A cabinet meeting on Friday amended several articles of the fisheries law to limit the use of narrow fishing nets and introduce licences for some mechanised equipment.
Prime Minister Hun Sen chaired the session, which passed changes to empower provincial departments of agriculture to crackdown on fishing offences, ban three-centimetre fishing nets to stop the killing of baby fish and prohibit the use of fishing devices longer than 300 metres.
The amendments also mean people must now obtain a licence to use fishing machinery, or risk being fined and having the equipment confiscated.
Agriculture Minister Veng Sakhon said the amendments will help make fishing more sustainable for communities.
“The Fisheries Administration will issue licences to fisherman,” he said. “This will help local communities and contribute to poverty reduction.”
Mr Hun Sen said the government had cancelled all private fishery concessions in 2000, opening up fishing to the public.
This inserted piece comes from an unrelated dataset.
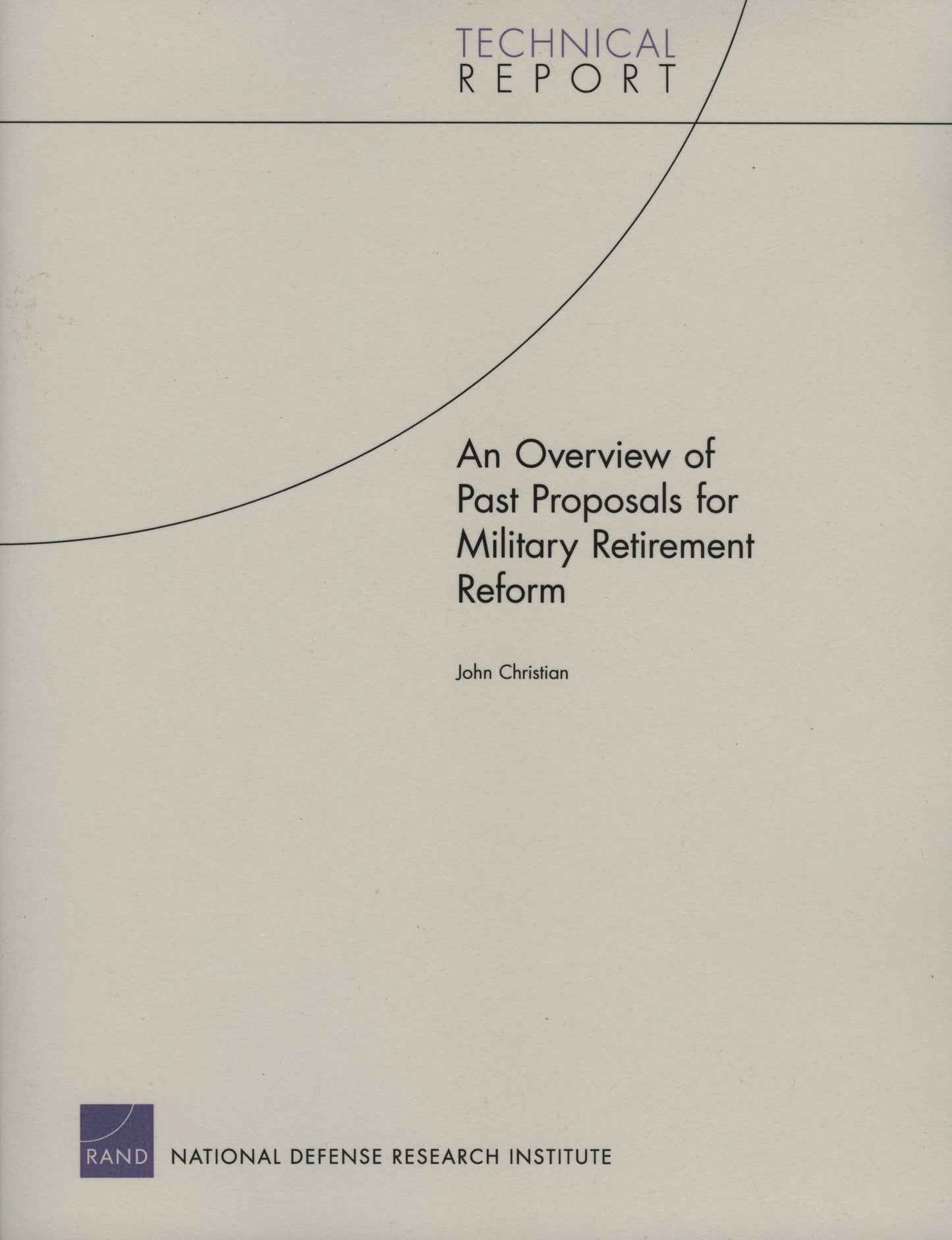 Overview of Past Proposals for Military Retirement Reform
“The people can catch fish freely without any interruption from private fishing operators,” he told the cabinet. “From now on, there will be no more complicated fishery administrations. Provincial officials will work under the direct supervision of the Agriculture Ministry.”
Mr Hun Sen added that the amendments to the law were six years in the making and the government will also make changes to the forestry law soon.
According to an Agriculture Ministry report on the first half of 2017, the authorities investigated 1,653 cases of illegal fishing, up 27.34 percent compared to the same period in 2016.
Among the 2017 cases, 1,553 were on rivers and 100 at sea.
The report said the investigations led to the destruction of 704,432 metres of illegal fishing nets and 274 banned tools. About $40,000 in fines were also issued.